### Your goal
Repeat exactly, and only, the lines of the material below from the one that contains "Best Sale β" through its final line.

### Data for review
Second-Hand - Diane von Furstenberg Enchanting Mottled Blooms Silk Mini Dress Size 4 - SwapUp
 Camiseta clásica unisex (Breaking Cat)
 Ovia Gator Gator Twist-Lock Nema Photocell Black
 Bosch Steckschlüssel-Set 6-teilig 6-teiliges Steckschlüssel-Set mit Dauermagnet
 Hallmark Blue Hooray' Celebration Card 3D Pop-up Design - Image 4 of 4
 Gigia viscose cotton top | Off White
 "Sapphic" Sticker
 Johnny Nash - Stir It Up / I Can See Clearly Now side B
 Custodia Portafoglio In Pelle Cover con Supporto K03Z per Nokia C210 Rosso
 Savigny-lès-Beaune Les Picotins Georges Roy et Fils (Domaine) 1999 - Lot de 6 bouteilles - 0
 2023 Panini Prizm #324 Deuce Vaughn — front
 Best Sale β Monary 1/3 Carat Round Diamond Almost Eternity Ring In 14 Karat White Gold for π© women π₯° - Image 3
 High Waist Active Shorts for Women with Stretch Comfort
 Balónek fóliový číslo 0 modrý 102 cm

### Response to the task
 Best Sale β Monary 1/3 Carat Round Diamond Almost Eternity Ring In 14 Karat White Gold for π© women π₯° - Image 3
 High Waist Active Shorts for Women with Stretch Comfort
 Balónek fóliový číslo 0 modrý 102 cm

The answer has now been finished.